Stanford Journal of International Law
- Discipline: International law
- Language: English
- Edited by: Chenxi Wang, Zachary Marcone

Publication details
- Former name: Stanford Journal of International Studies
- History: 1966-present
- Publisher: Stanford Law School (United States)
- Frequency: Biannual
- Impact factor: 1.0 (2022)

Standard abbreviations
- Bluebook: Stan. J. Int'l L.
- ISO 4: Stanf. J. Int. Law

Indexing
- ISSN: 0731-5082 (print) 2164-8301 (web)
- LCCN: 82641108
- OCLC no.: 971093974

Links
- Journal homepage; Online archive at HeinOnline;

= Stanford Journal of International Law =

The Stanford Journal of International Law is a biannual student-run law journal covering international law, including public international law, comparative law, human rights, international relations, and international trade. It also publishes shorter academic notes on policy issues of international character, recent developments in international law, and book reviews. It is published by the Stanford Law School and was established in 1966. The journal also hosts keynote speakers and annual symposia.

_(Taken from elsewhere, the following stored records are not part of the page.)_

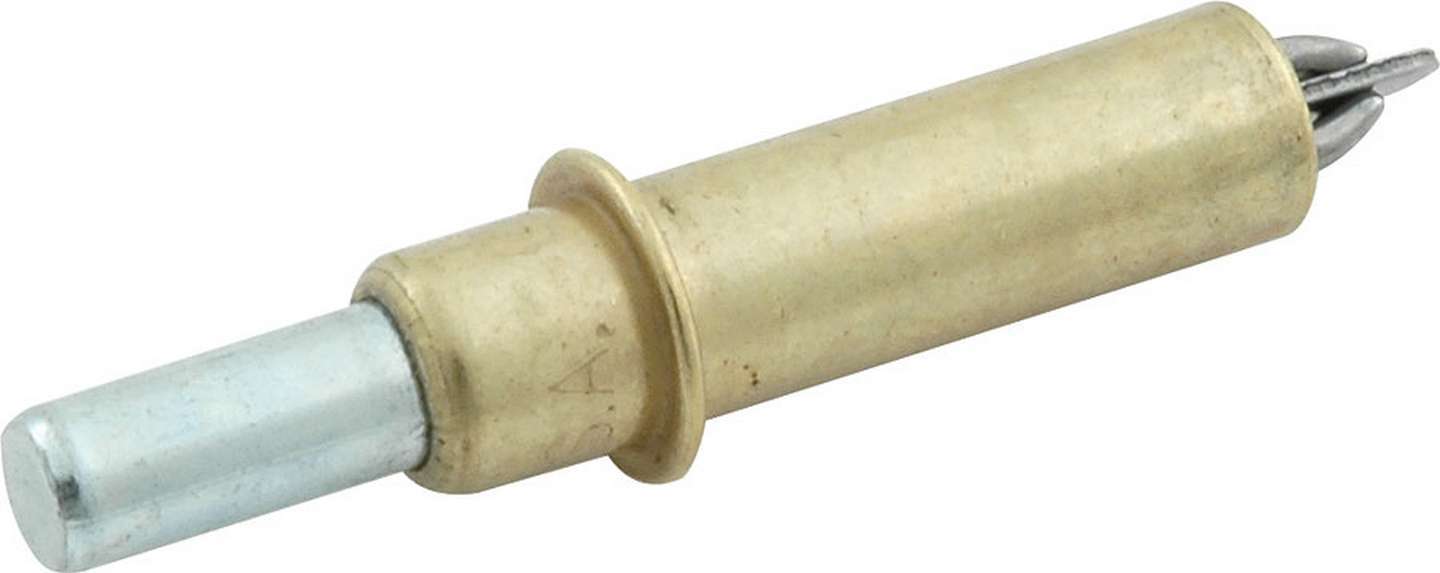 Cleco Pins, 3/16 in OD, Steel, Set of 25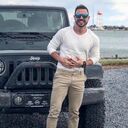 ���������� �����-���������, ���� ������� ������, 45 ���, ������������ ��� ������, ����� � ���������, c�������� ���������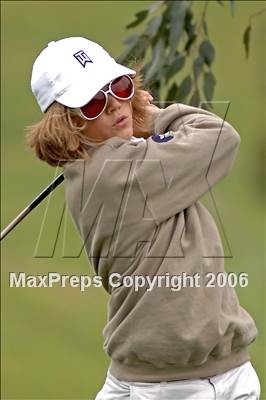Thumbnail 1 in Southern Southern Team Divisionals photogallery.
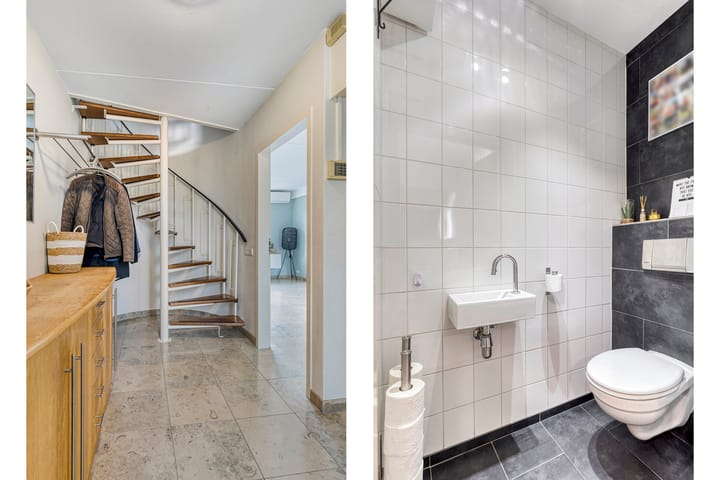 Foto 9 van Smaragdlaan 6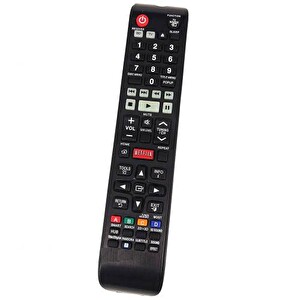 Daha Fazla Cep Telefonu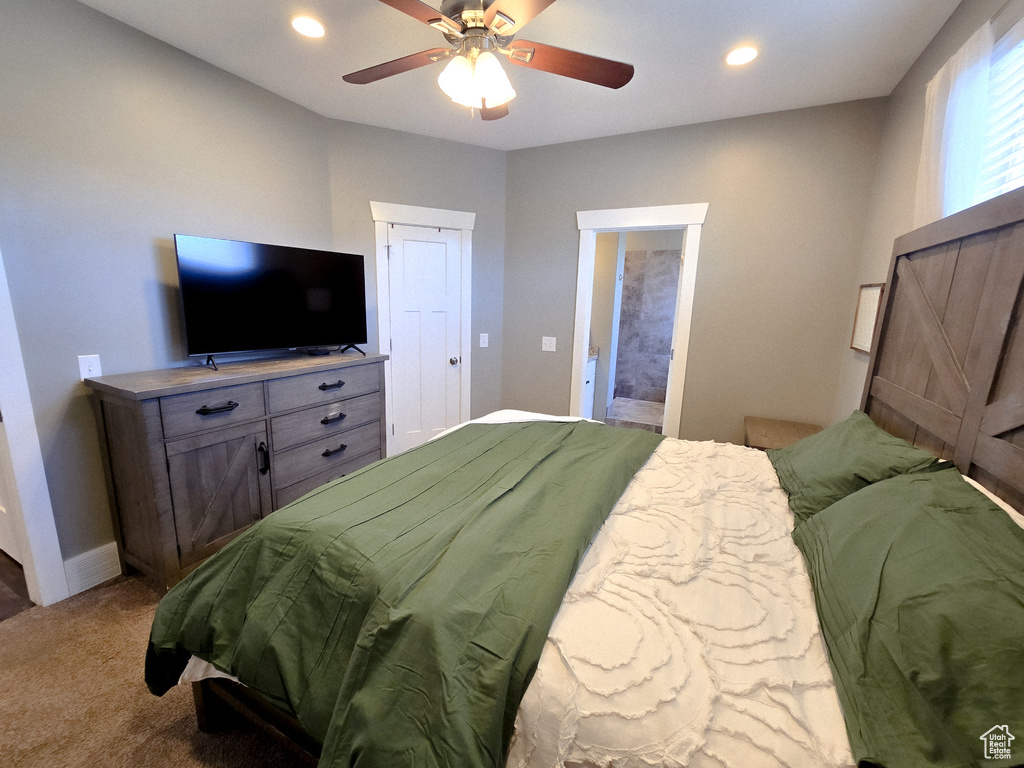 272 W 160 N Clearfield, UT 84015
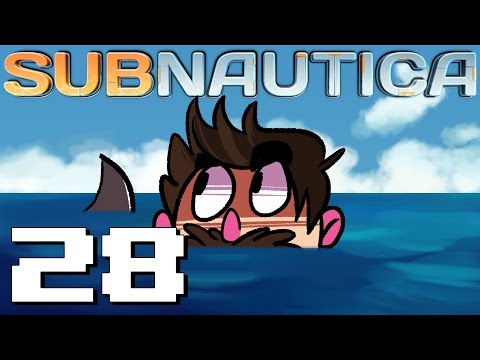 Depth Video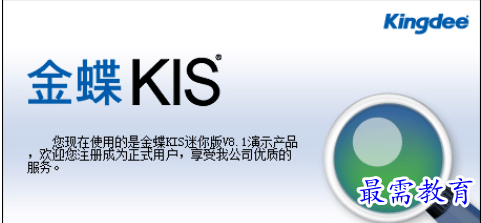 QQ图片20220613143957.png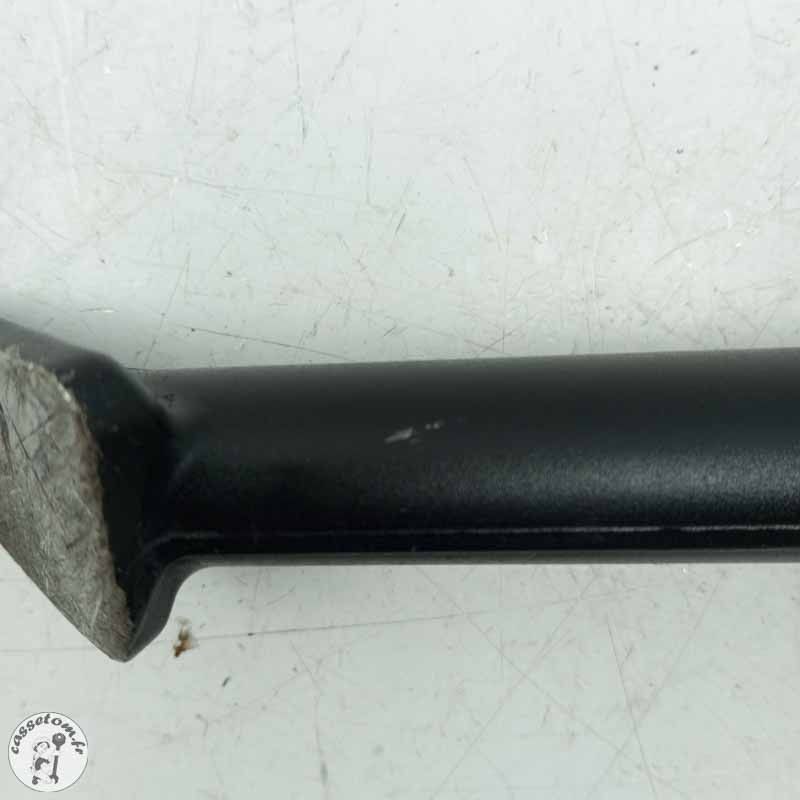 Béquille latérale  Ktm 790 duke l 2021 - Cassetom - Nos pieces motos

The staff consists of an executive board and over a dozen member editors who assist with preparation of the material that is published in each issue.

Complete archives are available via LexisNexis, WestlawEdge, ProQuest, and HeinOnline.

==Abstracting and indexing==
The journal is abstracted and indexed in: Current Contents/Social & Behavioral Sciences, EBSCO databases, ProQuest databases, Scopus, and the Social Sciences Citation Index. According to the Journal Citation Reports, the journal has a 2022 impact factor of 1.0.